:: Data in this exercise

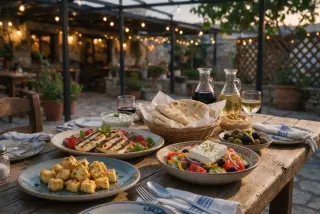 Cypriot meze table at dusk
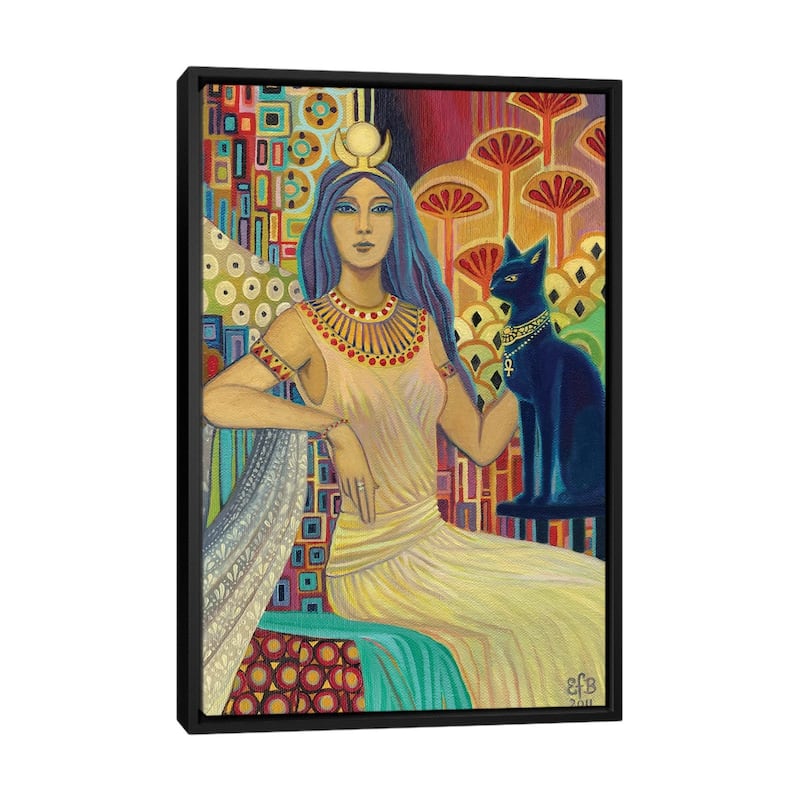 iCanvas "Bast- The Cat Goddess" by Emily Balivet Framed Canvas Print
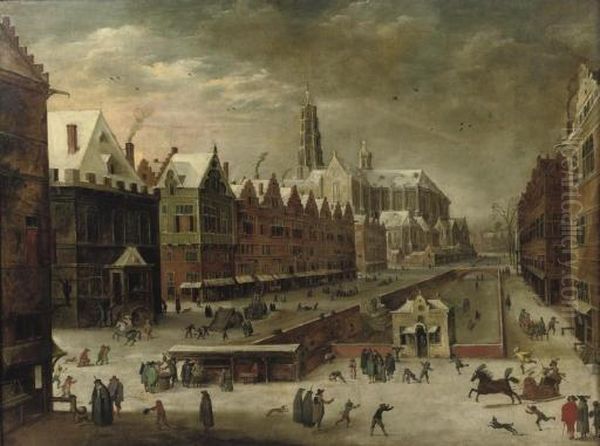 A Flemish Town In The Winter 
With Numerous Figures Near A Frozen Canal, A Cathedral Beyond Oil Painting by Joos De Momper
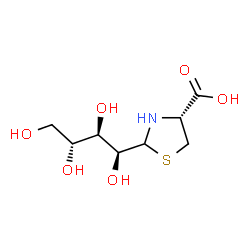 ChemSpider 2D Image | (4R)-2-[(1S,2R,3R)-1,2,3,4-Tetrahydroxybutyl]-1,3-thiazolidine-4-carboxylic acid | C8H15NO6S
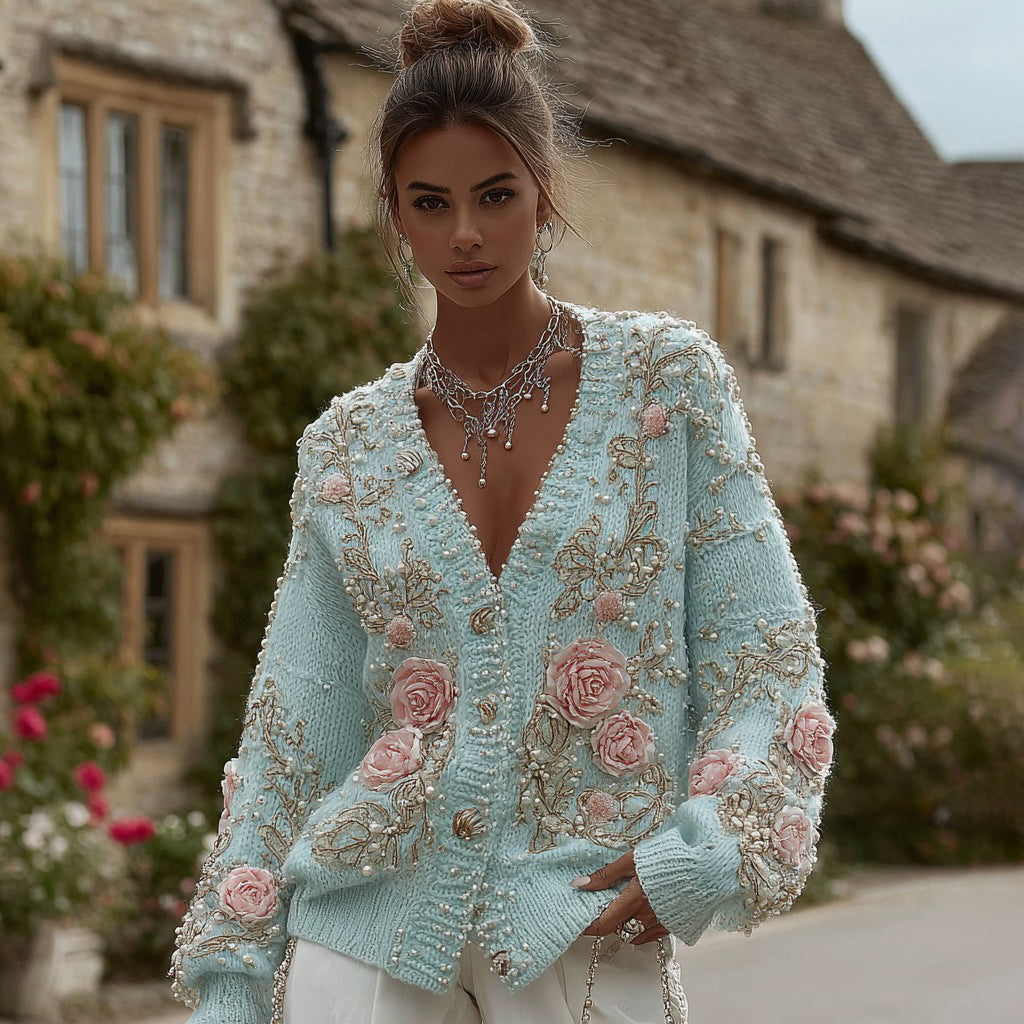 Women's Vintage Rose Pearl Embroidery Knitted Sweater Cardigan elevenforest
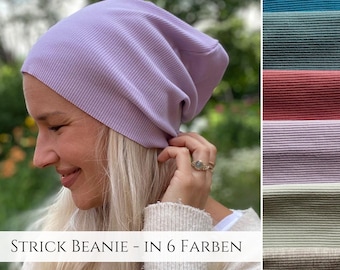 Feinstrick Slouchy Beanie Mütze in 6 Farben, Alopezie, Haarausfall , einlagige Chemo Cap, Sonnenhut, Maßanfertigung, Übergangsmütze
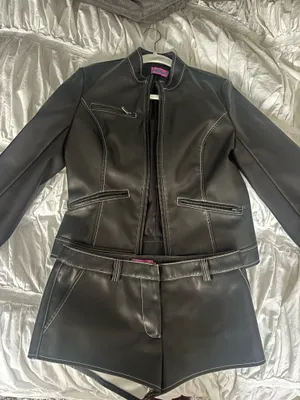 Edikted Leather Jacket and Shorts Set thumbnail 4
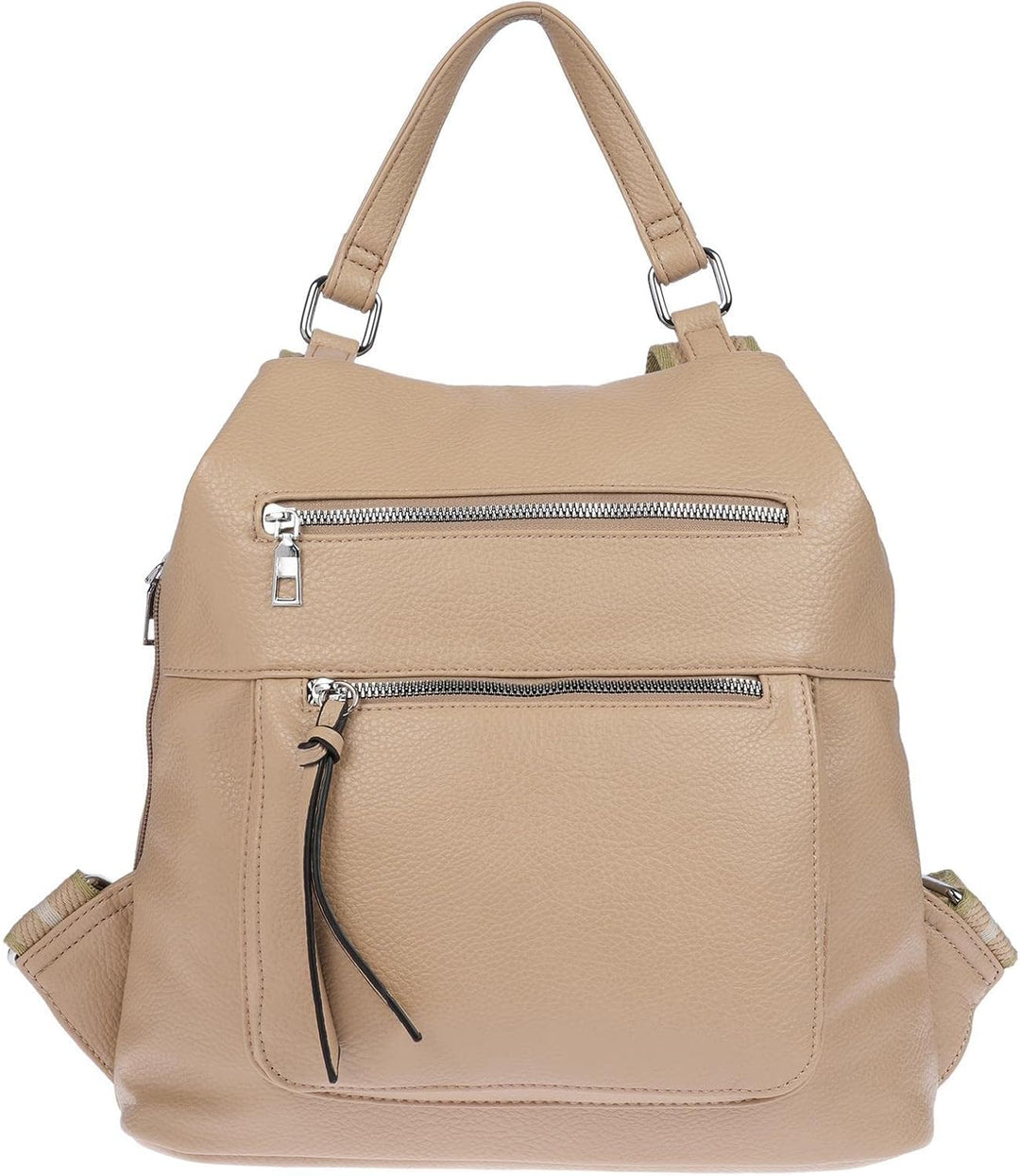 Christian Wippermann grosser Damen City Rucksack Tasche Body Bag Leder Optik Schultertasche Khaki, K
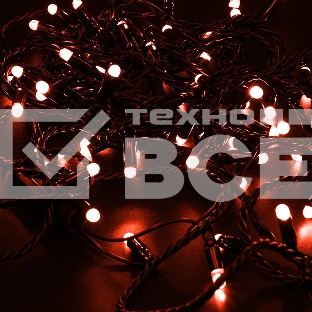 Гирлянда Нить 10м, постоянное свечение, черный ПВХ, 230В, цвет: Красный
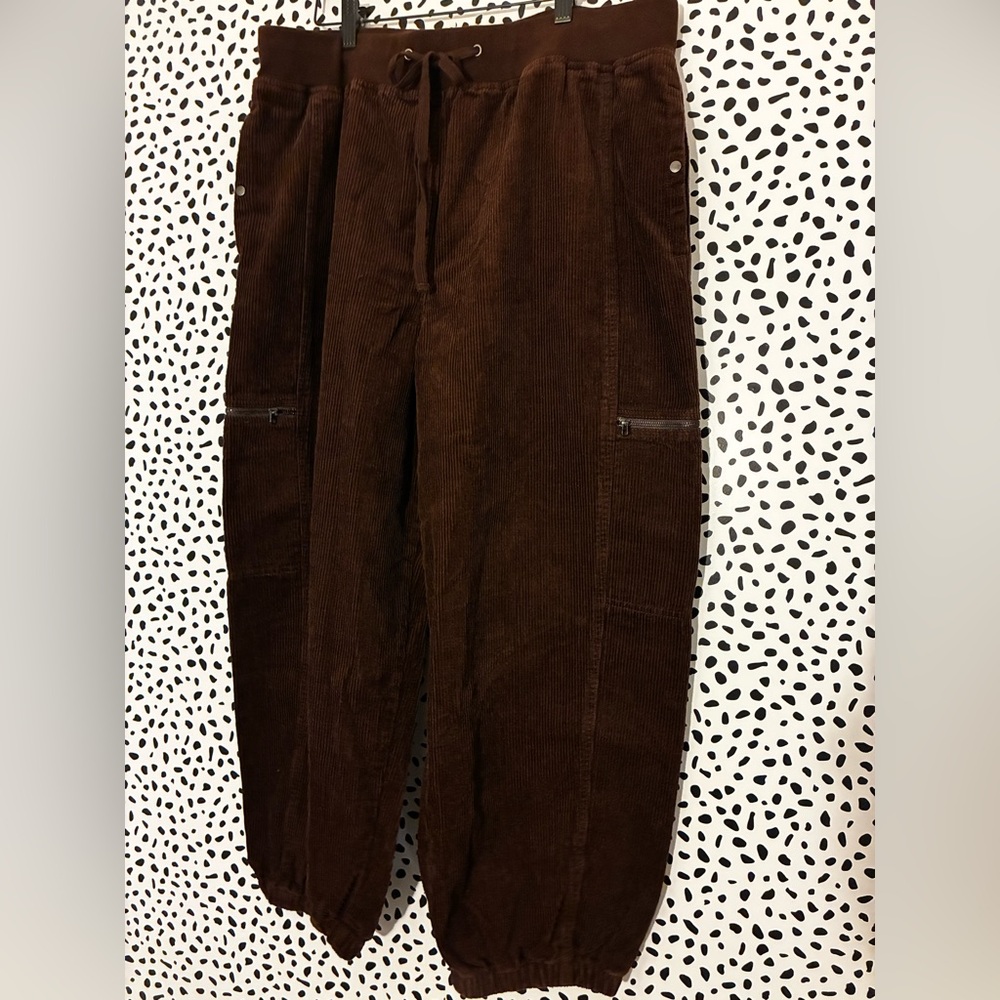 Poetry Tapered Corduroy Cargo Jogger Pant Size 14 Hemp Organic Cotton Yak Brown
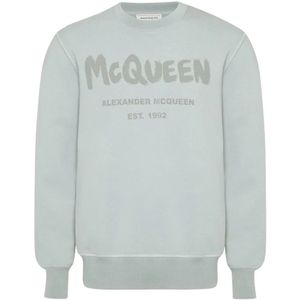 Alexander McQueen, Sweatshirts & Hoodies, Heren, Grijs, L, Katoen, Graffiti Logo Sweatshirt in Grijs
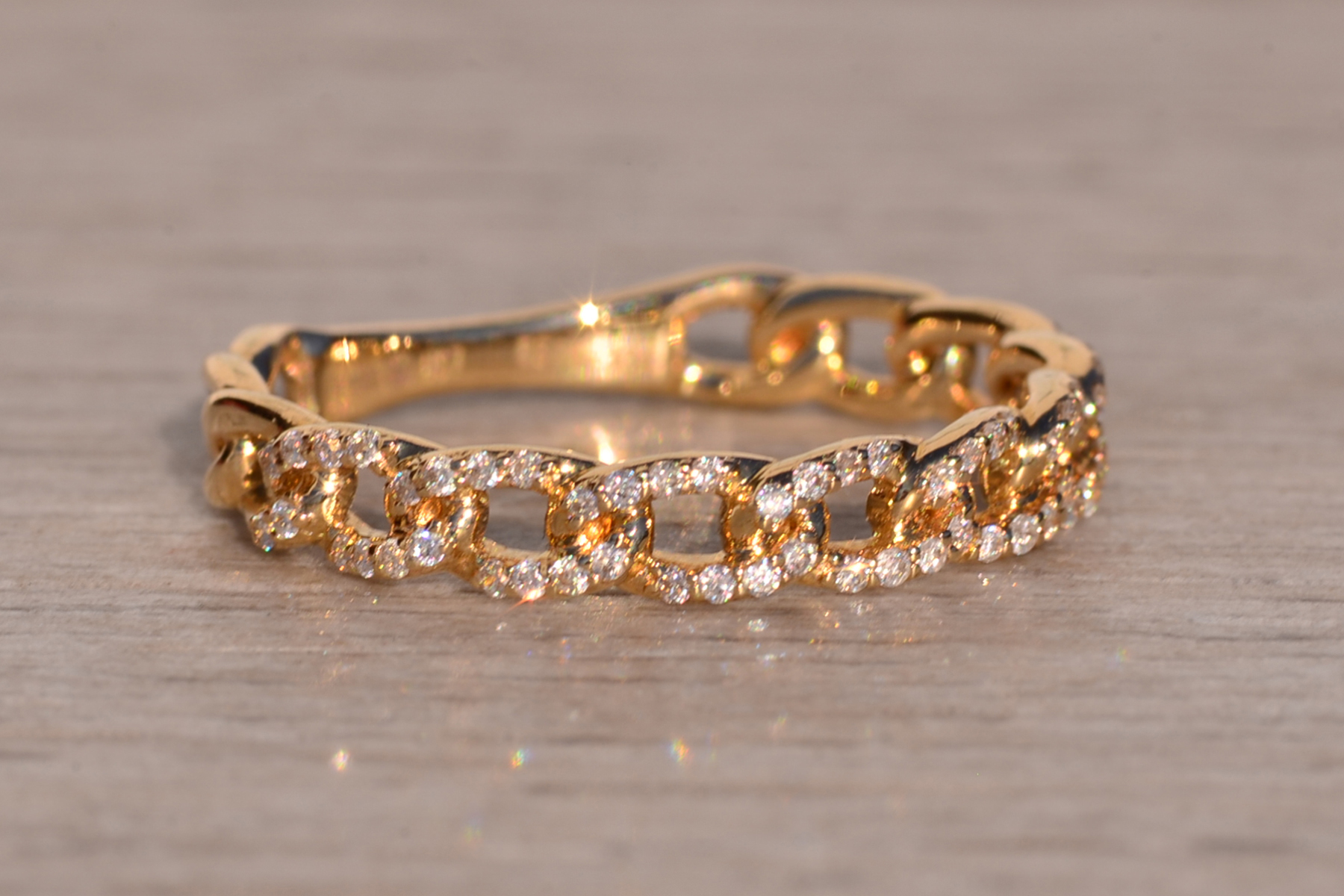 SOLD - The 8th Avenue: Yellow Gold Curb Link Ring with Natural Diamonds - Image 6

::::

- Exercise details: The response must consist of the entries above exactly as they stand, minus any pictures.

- Task output:
 Cypriot meze table at dusk
 iCanvas "Bast- The Cat Goddess" by Emily Balivet Framed Canvas Print
 A Flemish Town In The Winter 
With Numerous Figures Near A Frozen Canal, A Cathedral Beyond Oil Painting by Joos De Momper
 ChemSpider 2D Image | (4R)-2-[(1S,2R,3R)-1,2,3,4-Tetrahydroxybutyl]-1,3-thiazolidine-4-carboxylic acid | C8H15NO6S
 Women's Vintage Rose Pearl Embroidery Knitted Sweater Cardigan elevenforest
 Feinstrick Slouchy Beanie Mütze in 6 Farben, Alopezie, Haarausfall , einlagige Chemo Cap, Sonnenhut, Maßanfertigung, Übergangsmütze
 Edikted Leather Jacket and Shorts Set thumbnail 4
 Christian Wippermann grosser Damen City Rucksack Tasche Body Bag Leder Optik Schultertasche Khaki, K
 Гирлянда Нить 10м, постоянное свечение, черный ПВХ, 230В, цвет: Красный
 Poetry Tapered Corduroy Cargo Jogger Pant Size 14 Hemp Organic Cotton Yak Brown
 Alexander McQueen, Sweatshirts & Hoodies, Heren, Grijs, L, Katoen, Graffiti Logo Sweatshirt in Grijs
 SOLD - The 8th Avenue: Yellow Gold Curb Link Ring with Natural Diamonds - Image 6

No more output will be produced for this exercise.